## What the task requires
Output each line of the data below exactly, omitting any image.

++++ Data below

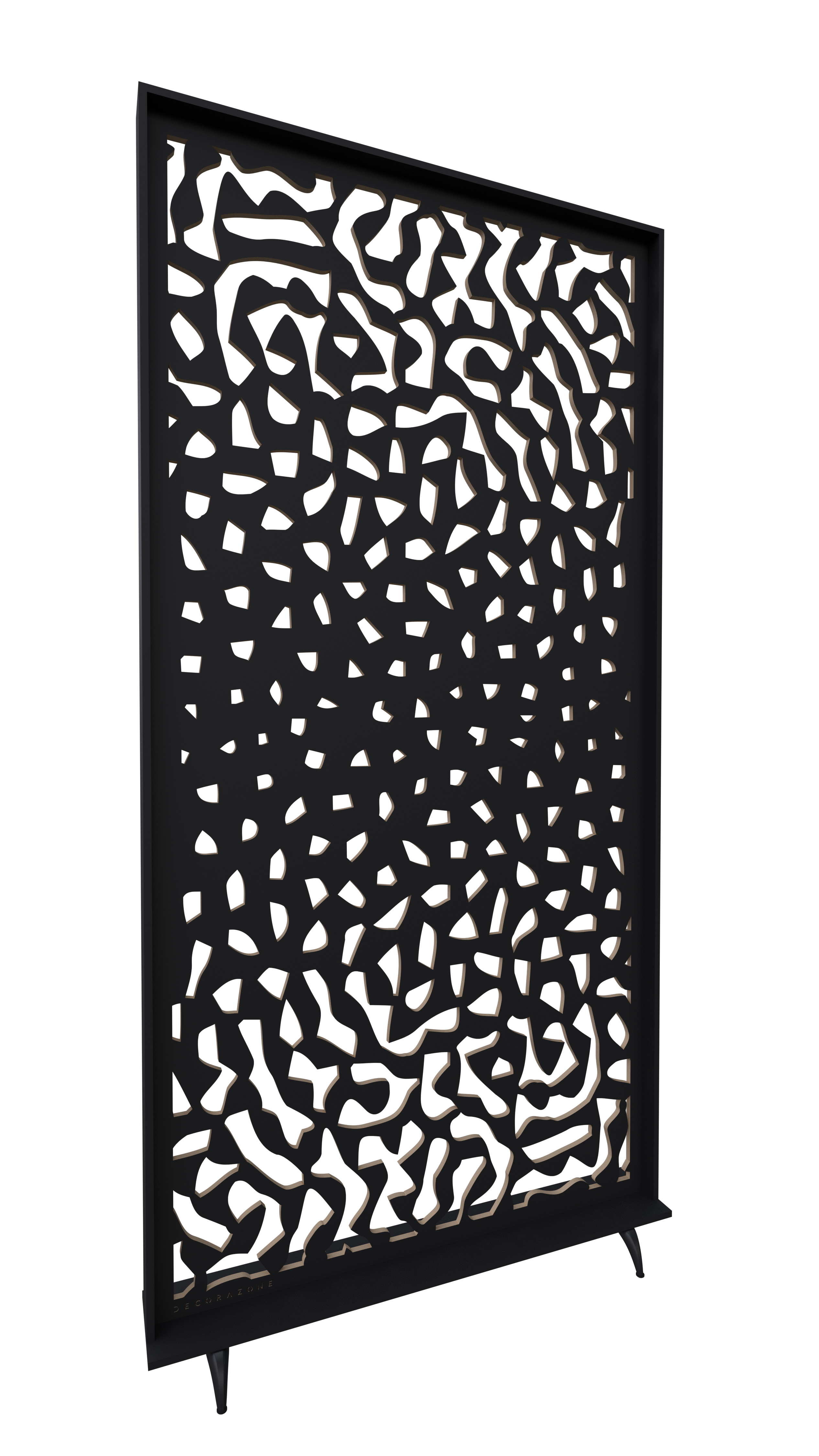 Celosía Standing®️ Monaco | Interiores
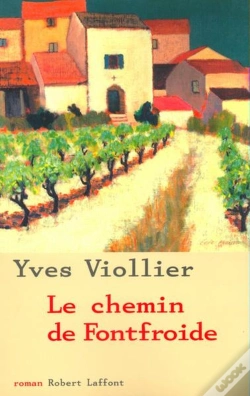 Capa do artigo Le Chemin De Fontfroide - Ne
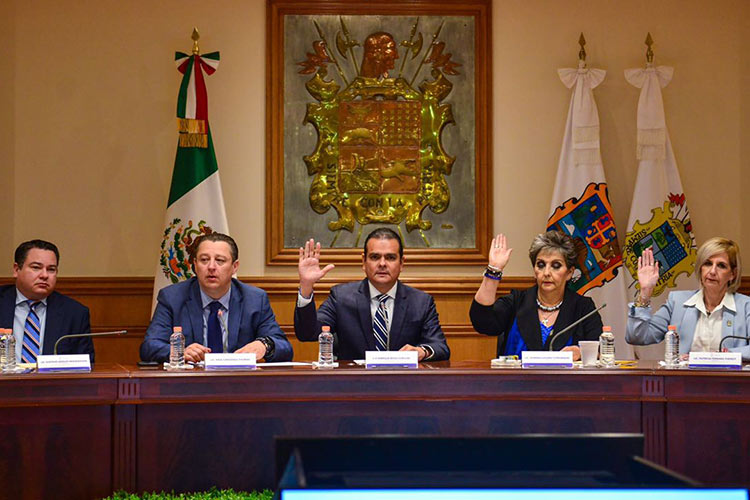 Aprueba Cabildo utilizar remanente del FORTAMUN para obra pública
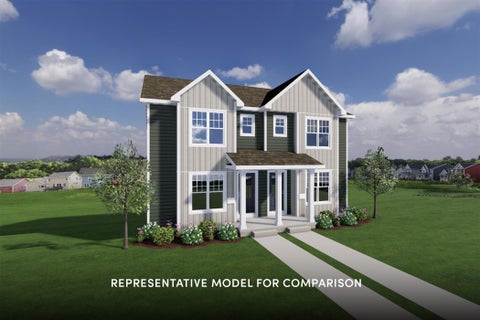 Photo of 625 Tabby Turn Drive, Middleton, WI 53562 (MLS # 2033660)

++++++++

## Your solution
 Celosía Standing®️ Monaco | Interiores
 Capa do artigo Le Chemin De Fontfroide - Ne
 Aprueba Cabildo utilizar remanente del FORTAMUN para obra pública
 Photo of 625 Tabby Turn Drive, Middleton, WI 53562 (MLS # 2033660)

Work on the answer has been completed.